Swimming was measured as a time spent at a pool.
Swimmers were asked about the number and type of times they spent at each pool.
The researchers then calculated a total of the total time spent swimming.
For example, a swimmer that spent more than two hours at a swimming pool every weekend would have a lifetime risk of developing type 1 diabetes of about 2.5%.
“In our sample of nearly 9,000 Americans, there was a significant association between a person’s number and the likelihood of developing diabetes,” Dr Weishberg said.
The average lifetime risk for people with type 2 is about 1.3%, according to the Centers for Disease Control and Prevention.
The study is the latest in a series of studies showing that a low-to-moderate swimming habit may increase the risk and severity of type 1 and type 1.
Swimming is considered the ultimate way to increase physical activity.
The American Heart Association recommends people go to swimming pools for a minimum of six hours per week and have at least three hours a day of moderate exercise.
A study published last year in the journal Metabolism found that those who swam for six or more hours per day had lower body mass indexes and higher triglycerides, the body’s fat storage, than those who did not.
It also found that the body burns more fat in the winter than in the summer.
The American Heart Assn.
recommends that adults age 20 and older spend at least six hours a week swimming.

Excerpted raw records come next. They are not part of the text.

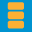 Logo Secure Parking Pty Ltd.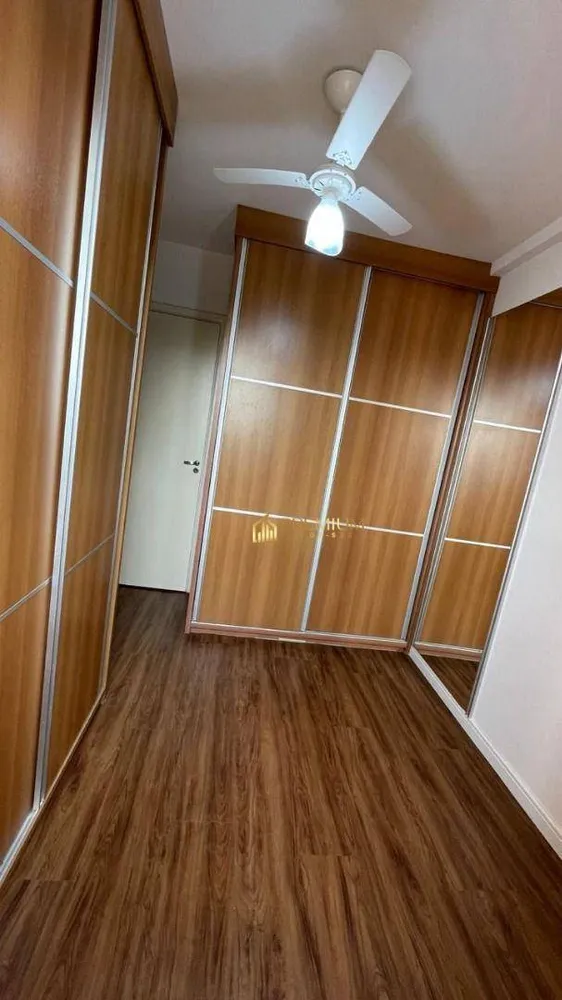 Apartamento, 3 quartos, 90 m² - Foto 10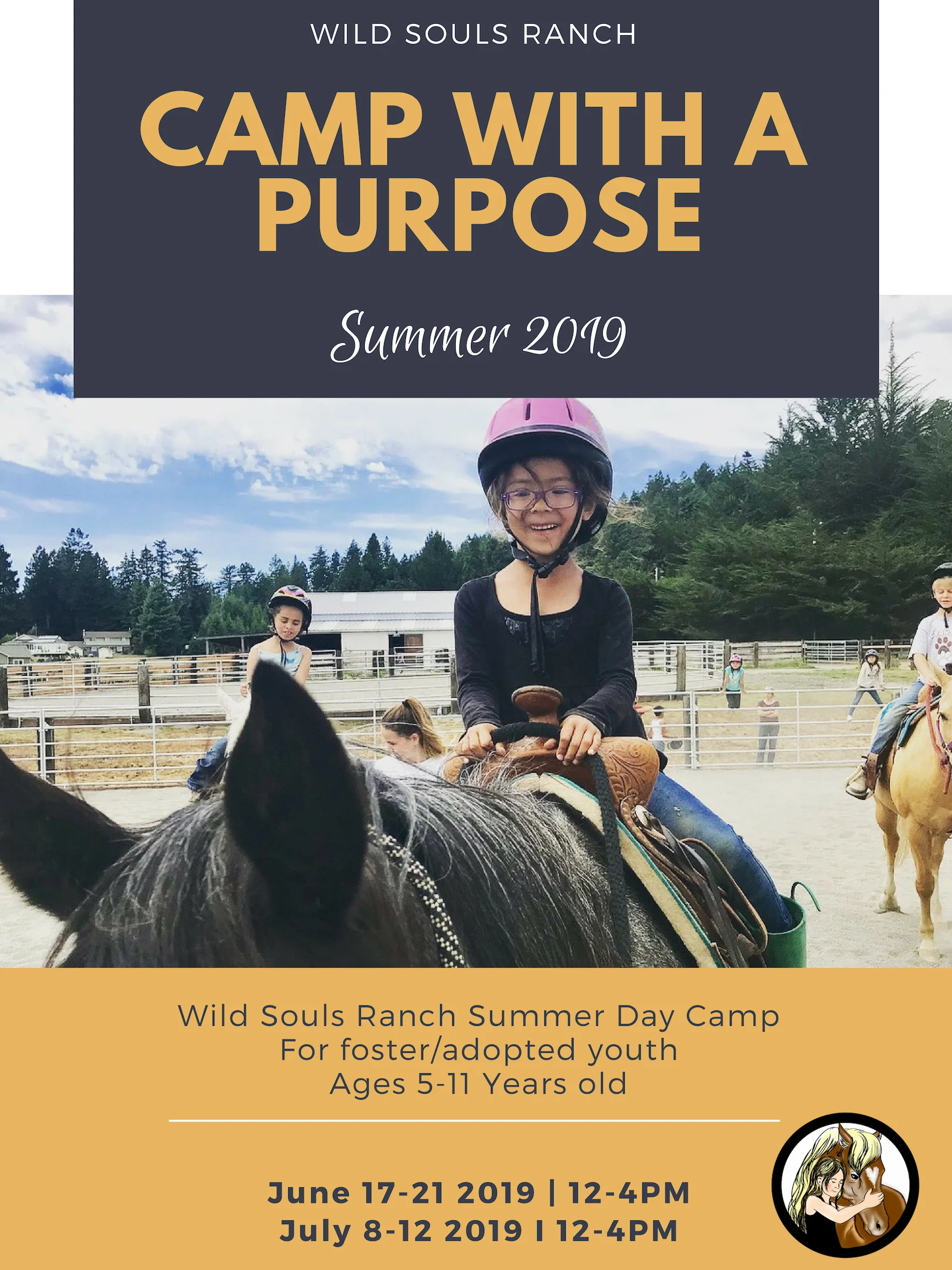 Summer Camp 2019!.jpg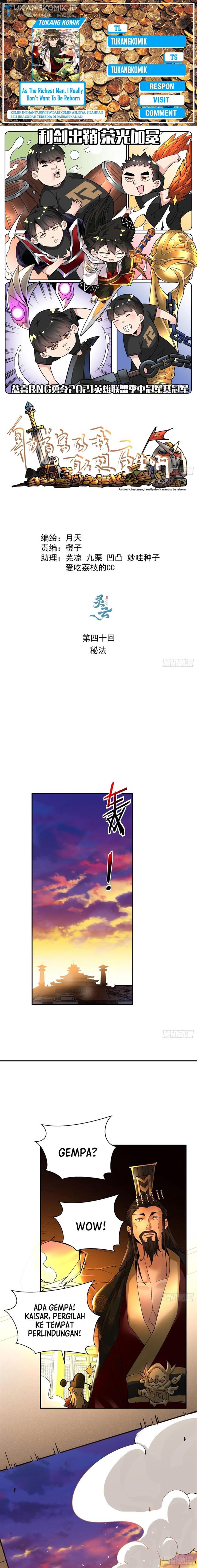 image-komik-as-the-richest-man-i-really-dont-want-to-be-reborn-chapter-40-0/14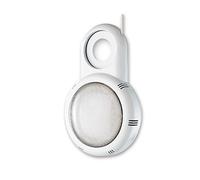 Seamaid Faro a led bianco piscine fuori terra 18 Led 9 W
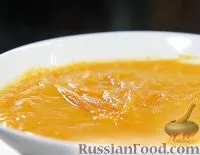 супа-пюре супа-пюре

The authors of the study, published in the Archives of Internal Medicine, say their findings may be of interest to people who may be considering a swim in the future.
“We know that swimming is a good way to lower body weight, lower waist size, lower body fat, and reduce cholesterol,” Dr J. Scott Peltier, a professor of epidemiology at the Yale School of Public Health and one of the researchers, told CNN Health.
“The idea that we should be swimming at the expense of cardio, which is important for cardiovascular health, might be more important than we thought.”